Task to complete: Starting with the line that contains "Used Deepal S07", copy each line exactly through the end of the listing, and omit all pictures.

━━━ The input ━━━

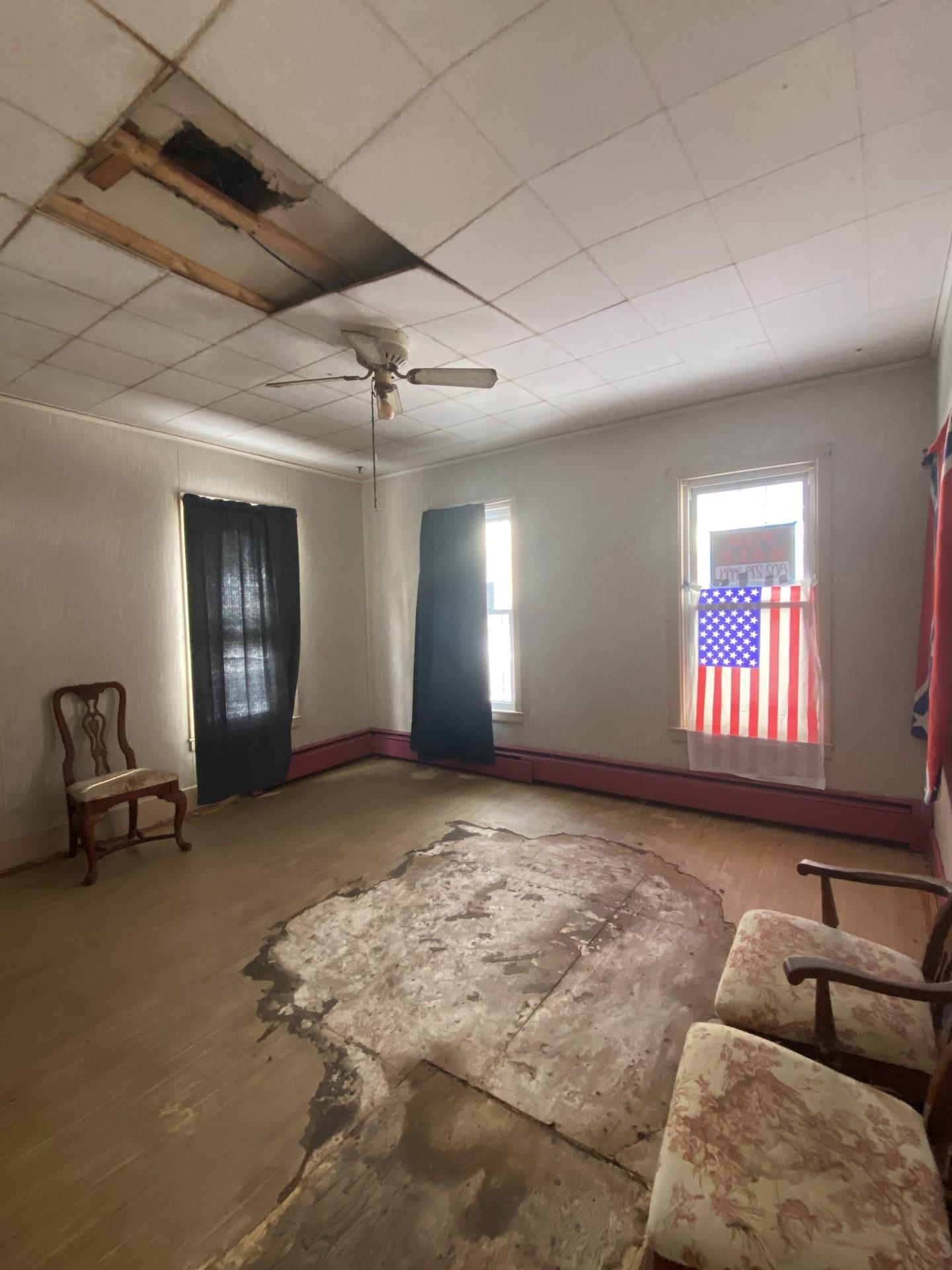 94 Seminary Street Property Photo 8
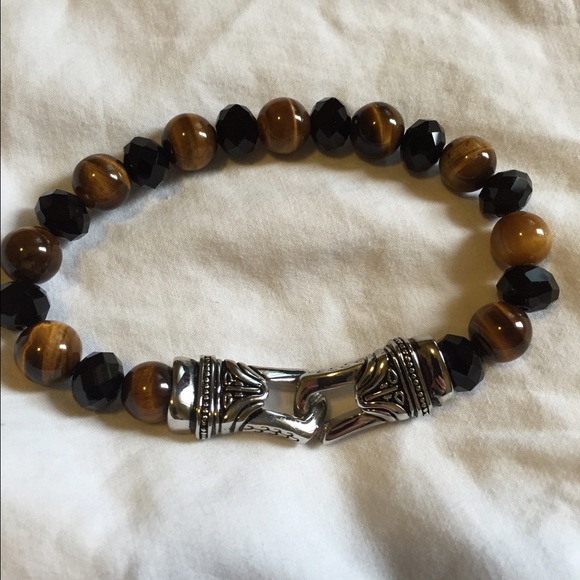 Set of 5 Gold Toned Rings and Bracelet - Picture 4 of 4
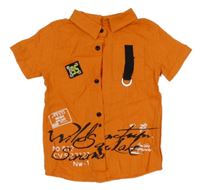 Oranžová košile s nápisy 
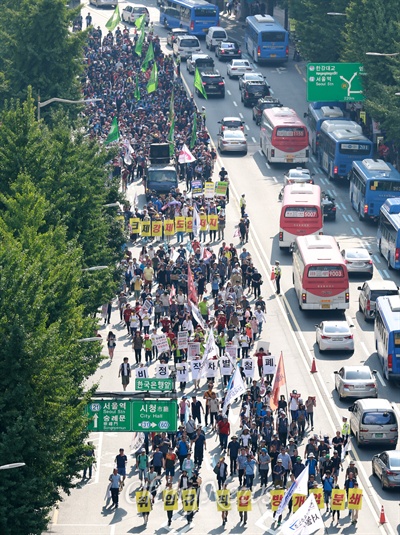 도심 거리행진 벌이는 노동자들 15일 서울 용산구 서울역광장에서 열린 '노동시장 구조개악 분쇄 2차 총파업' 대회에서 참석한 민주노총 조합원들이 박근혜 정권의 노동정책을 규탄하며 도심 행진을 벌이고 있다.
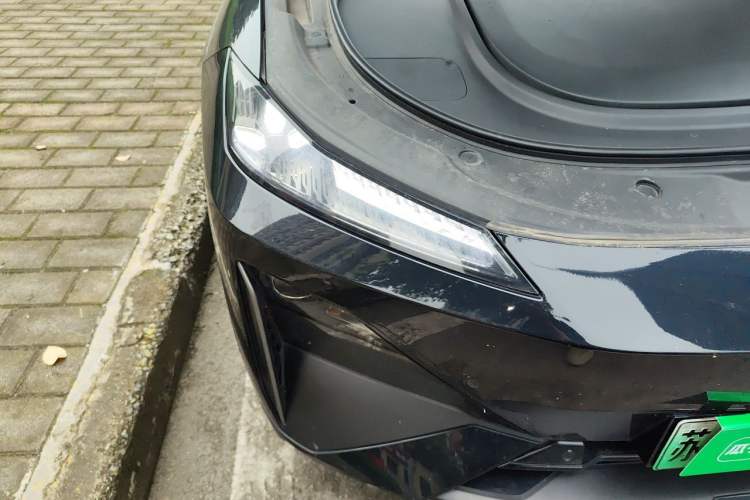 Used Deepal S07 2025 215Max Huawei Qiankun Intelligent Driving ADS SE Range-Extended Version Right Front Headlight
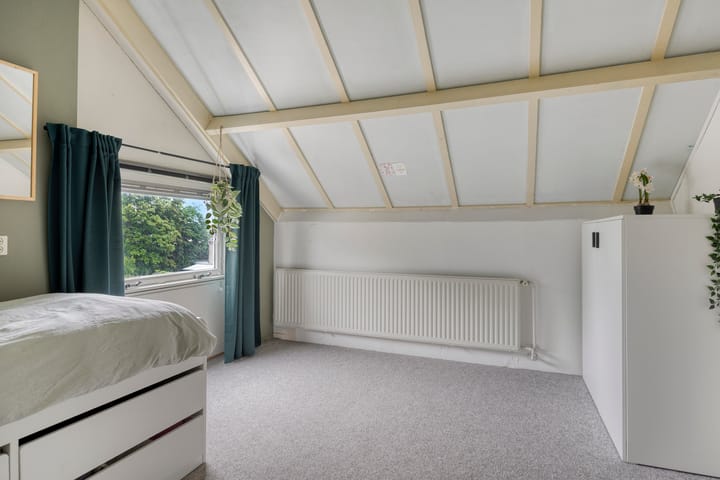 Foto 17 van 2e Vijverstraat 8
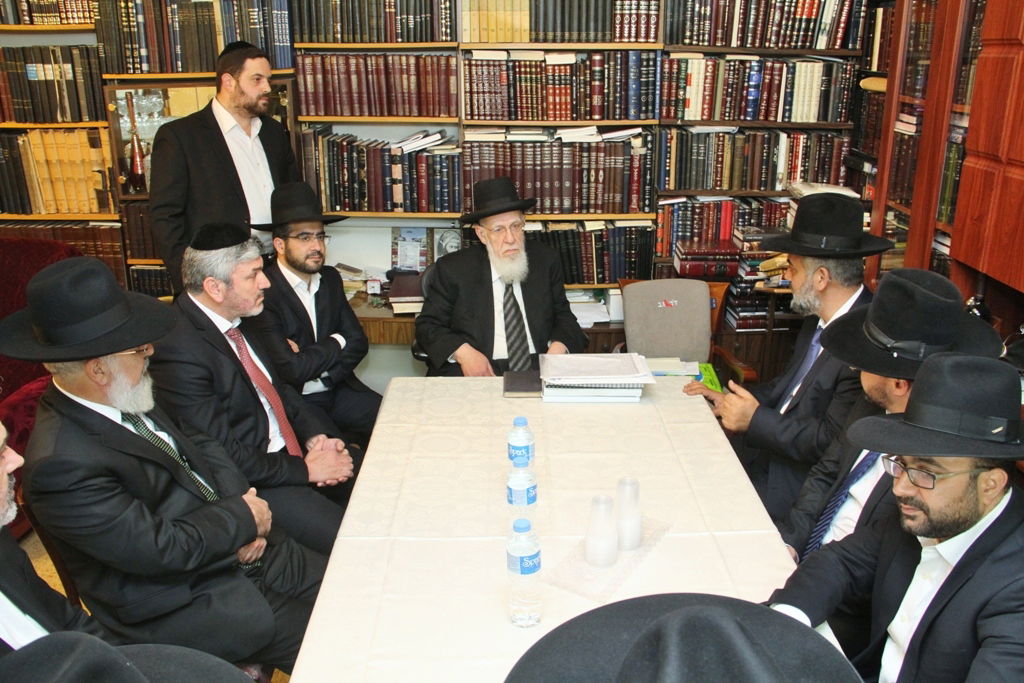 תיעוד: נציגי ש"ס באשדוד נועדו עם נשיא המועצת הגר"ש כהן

━━━

Reply:
 Used Deepal S07 2025 215Max Huawei Qiankun Intelligent Driving ADS SE Range-Extended Version Right Front Headlight
 Foto 17 van 2e Vijverstraat 8
 תיעוד: נציגי ש"ס באשדוד נועדו עם נשיא המועצת הגר"ש כהן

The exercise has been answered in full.